LinkedinFlipboardLinki KopyalaYazı Tipi
BRÜKSEL’de ofisini açan KAGİDER gazeteye verdiği ilanda şöyle diyor:
"Türkiye’nin güçlü ve özgür kadınları için tek yol AB."
Türkiye’nin "güçlü ve özgür kadınları" hepimizin rüyası.
Avrupa Birliği üyeliğinin de bu rüyayı gerçekleştirebileceğine inananlar arasındayım.

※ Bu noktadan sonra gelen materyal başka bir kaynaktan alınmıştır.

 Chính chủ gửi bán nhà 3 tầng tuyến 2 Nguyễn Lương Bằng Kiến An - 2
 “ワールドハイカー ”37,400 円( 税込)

AB şimdilik ne kadar uzak görünse de "güçlü ve özgür kadın" rüyamdan asla vazgeçmem.
Peki bugünkü "gerçek" ne?
Türk kadını nerede duruyor?
8 Mart Kadın Günü vesilesiyle, son günlerde çıkan haberleri kabaca alt alta koyarsak şöyle bir tablo çıkıyor ortaya:
Kadının Statüsü Genel Müdürlüğü verilerine göre, ilköğretim çağındaki 640 bin 583 kız çocuğu okula gitmiyor.
Lise ve dengi okullarda okuyan kızların oranı yüzde 52.16.

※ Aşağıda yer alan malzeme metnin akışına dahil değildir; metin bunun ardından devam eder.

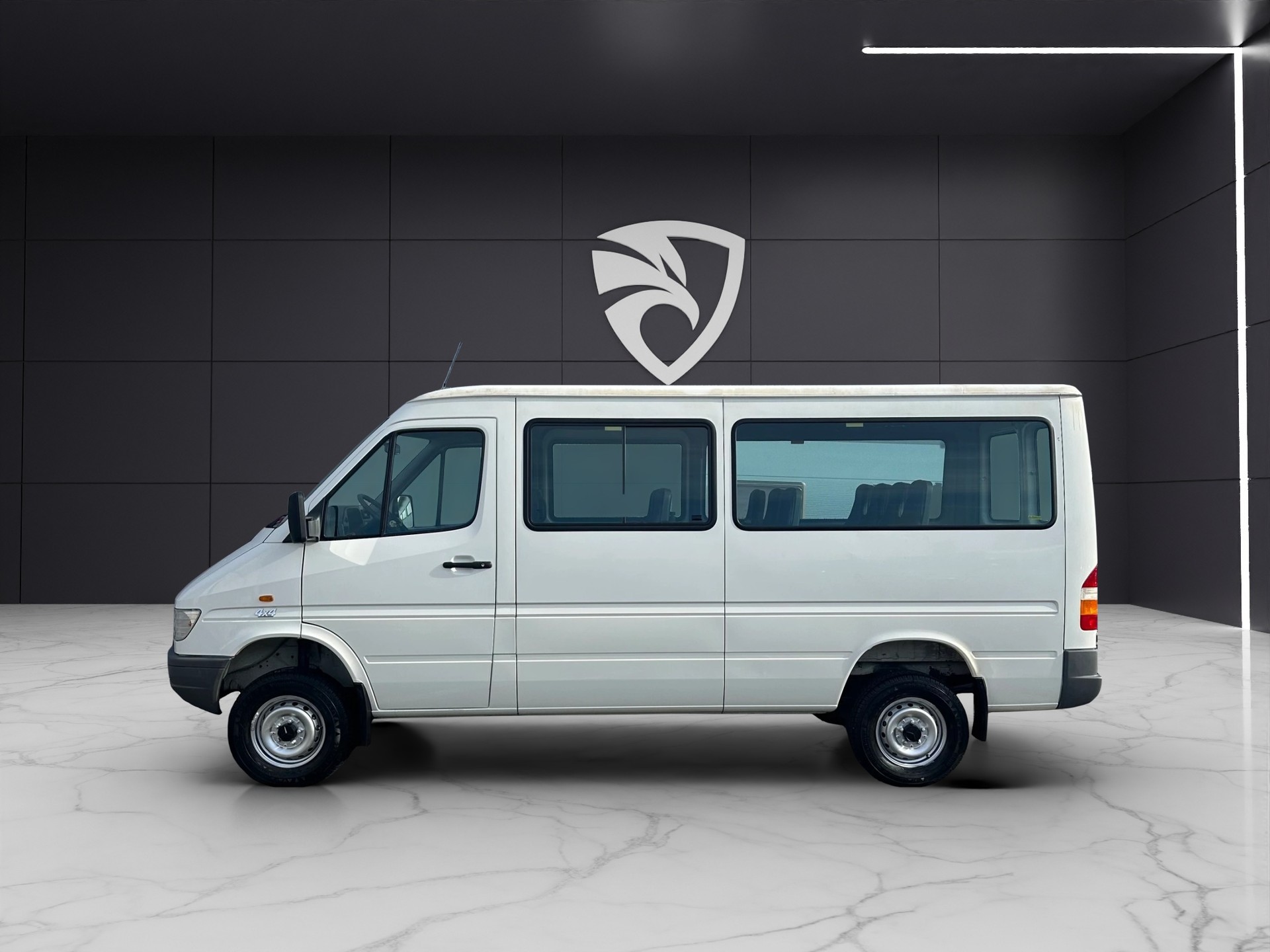 MERCEDES-BENZ Sprinter 312 D 4x4 13 Plätzer-image-2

10 yıl öncesine oranla yüzde 18’lik bir artış var.
Üniversiteye giden kızların oranı yüzde 17.41.
Yine 10 yıl öncesine oranla neredeyse iki kat artış kaydedilmiş.
Yüzbinlerce kız çocuğu hálá okula gitmiyor olsa da hem lise, hem üniversite düzeyinde bayağı iyiye gidiş var.
EĞİTİMDE ARTIŞ İSTİHDAMDA DÜŞÜŞ
Bunun çalışma hayatına da yansıması gerekmez mi?
Yani kadının çalışma hayatına daha çok katılmasını beklemez misiniz?
Oysa tam aksi bir durum söz konusu.
TÜİK’in son verilerine göre, Türkiye’de bir yılda 237 bin kadın işgücü piyasasından çekilmiş.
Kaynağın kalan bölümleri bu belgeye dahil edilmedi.